Converstational AI Frameworks
3 BERT
BERT stands for Bidirectional Encoder Representation form Transformers and was developed in 2018 by Google. This NLP technique utilized pre-trained transformer type neural networks. There are different sizes of the BERT model to meet various use-cases and available computing resources for different applications. The model size does influence the the accuracy of the predictions.
In general having a larger model size results in a more accurate result. However, larger models consume more processing power and take longer to process. In the case of conversation AI processing delays can greatly impact the user experience and studies have shown that in a typical natural language conversation with the average delay in between exchanges is 300ms. This is a very narrow window of time to evaluate the intent of the user, fetch any external data that is required and prepare a response. When you are running multiple models against a query you may only have 10ms to evaluate and decode the natural language. [1]
According to Mohd Sanad Zaki Rizvi[2]
TinyBERT model to achieve 96% of its BERT base teacher on the BLUE benchmark while being 7.5x smaller and 9.4x faster! Its performance numbers are impressive even when comparing with BERT small, a model of exactly the same size, which TinyBERT is 9% better than (76.5 vs 70.2 points average on GLUE).

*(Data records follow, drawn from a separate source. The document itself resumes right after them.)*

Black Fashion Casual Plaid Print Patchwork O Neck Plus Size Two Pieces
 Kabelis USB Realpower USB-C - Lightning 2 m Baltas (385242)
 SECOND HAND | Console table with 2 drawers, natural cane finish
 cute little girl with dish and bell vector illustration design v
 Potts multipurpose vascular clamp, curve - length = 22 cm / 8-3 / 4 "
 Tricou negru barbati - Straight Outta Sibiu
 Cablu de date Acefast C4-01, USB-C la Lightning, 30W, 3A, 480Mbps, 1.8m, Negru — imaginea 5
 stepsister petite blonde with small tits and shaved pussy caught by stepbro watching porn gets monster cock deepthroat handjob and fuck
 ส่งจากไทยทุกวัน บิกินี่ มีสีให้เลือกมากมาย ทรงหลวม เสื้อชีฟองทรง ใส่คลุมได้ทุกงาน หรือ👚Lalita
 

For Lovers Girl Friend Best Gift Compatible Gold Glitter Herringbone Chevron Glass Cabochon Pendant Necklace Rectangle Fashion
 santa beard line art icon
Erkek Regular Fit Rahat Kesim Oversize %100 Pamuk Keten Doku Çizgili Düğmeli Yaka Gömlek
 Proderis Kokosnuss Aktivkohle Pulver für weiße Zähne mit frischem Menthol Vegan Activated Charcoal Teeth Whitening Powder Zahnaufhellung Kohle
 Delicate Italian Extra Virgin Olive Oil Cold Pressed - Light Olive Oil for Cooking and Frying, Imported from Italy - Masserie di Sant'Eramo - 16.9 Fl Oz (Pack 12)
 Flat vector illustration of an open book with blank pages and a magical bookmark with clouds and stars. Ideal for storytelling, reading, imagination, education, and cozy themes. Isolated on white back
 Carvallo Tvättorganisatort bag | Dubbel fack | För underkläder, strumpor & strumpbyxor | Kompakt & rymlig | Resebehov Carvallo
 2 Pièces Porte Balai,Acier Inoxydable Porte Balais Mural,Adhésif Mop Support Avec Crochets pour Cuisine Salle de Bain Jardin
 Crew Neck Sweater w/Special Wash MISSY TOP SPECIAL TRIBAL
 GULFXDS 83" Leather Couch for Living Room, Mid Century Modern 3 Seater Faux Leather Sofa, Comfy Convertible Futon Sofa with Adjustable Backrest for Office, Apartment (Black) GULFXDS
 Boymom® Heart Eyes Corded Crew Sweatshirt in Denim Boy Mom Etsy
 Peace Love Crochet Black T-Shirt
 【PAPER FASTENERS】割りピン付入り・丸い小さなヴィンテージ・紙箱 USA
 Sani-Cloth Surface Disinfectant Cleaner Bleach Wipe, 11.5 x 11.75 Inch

Model | Parameters | Layers | Hidden |
BERT Tiny | 4M | 2 | 128 |
BERTMini | 11M | 4 | 256 |
BERT Small | 29M | 4 | 512 |
BERT Medium | 42M | 8 | 512 |
BERT Base | 108M | 12 | 768 |
BERT large | 334M | 24 | 1024 |
BERT. xlarge | 1270M | 24 | 2048 |
ALBERT base | 12M | 12 | 768 |
ALBERT large | 18M | 24 | 1024 |
ALBERT xlarge | 59M | 24 | 2048 |
ALBERT xxlarge | 233M | 12 | 4096 |